Hay que dejarse arrastrar por el movimiento descendente de ese Dios «pasajero», sabiendo que aún no ha llegado la hora del «cara a cara» con él. Y aceptar el escándalo de que haya querido manifestar, en la asombrosa proximidad de un niño, la gloria que proclamaba el ejército del cielo.

Hay que aprender a traducir «lo que cuentan los ángeles» (la Biblia, la teología, la tradición…), no sólo al lenguaje de los sabios y entendidos de Jerusalén, sino al «dialecto de Belén», el que habla «todo el pueblo» al que está destinado.

Hay que tratar de ser «portadores de evangelio», como lo son tantas personas que, sin saberlo, nos están transmitiendo algo del «bien parecer de Dios», de su ternura y su amor gratuito, y que se ponen a nuestro lado como compañeras de travesía y nos recuerdan que no hay pascua sin heridas.

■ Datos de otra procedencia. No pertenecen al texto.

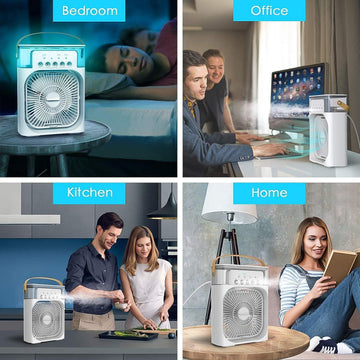 Portable Air Cooler Fan with 7-Color Light – Personal AC Fan - Shiva Nandhini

Como los pastores, esas personas nos anuncian que la oscuridad está rasgada por la luz y por la Palabra, que estamos guarecidos por la gracia y convocados por un niño.

Lo encontraremos si nos vamos haciendo, como ellos, soñadores despiertos, visionarios con los pies en el camino, barqueros entre dos orillas, viajeros en tránsito.

DOLORES ALEIXANDRE
SAL-TERRAE 1996, 11. Págs. 813-828

1. Yoma 28a, Talmud Bab.

2. R. VOILLAUME (citado por C. Flipo. «Jonás en Nínive»: Sal Terrae 84/5 [Marzo 1996] p. 236).

3. A. HESCHEL. L’homme n’est pas seul, Paris 1972, p. 72.

4. E. LEVINAS. «Philosophie, justice et amour»: Esprit 83. P. 13.

5. C CHALIER, Sagesse des sens, Paris 1996, p. 29.

6. El cuaderno de Cristianisme i Justicia. ¿No hay nada que hacer? A la escucha del Espíritu, Enero 1996. sugiere muchas ideas prácticas y creativas en este sentido.

7. E. DRENNERMANN, De la naissance des dieux la naissance du Christ, París 1986, p. 78.

8. C. ESCUDERO FREIRE, Devolved el Evangelio a los pobres, Salamanca 1978, p. 325.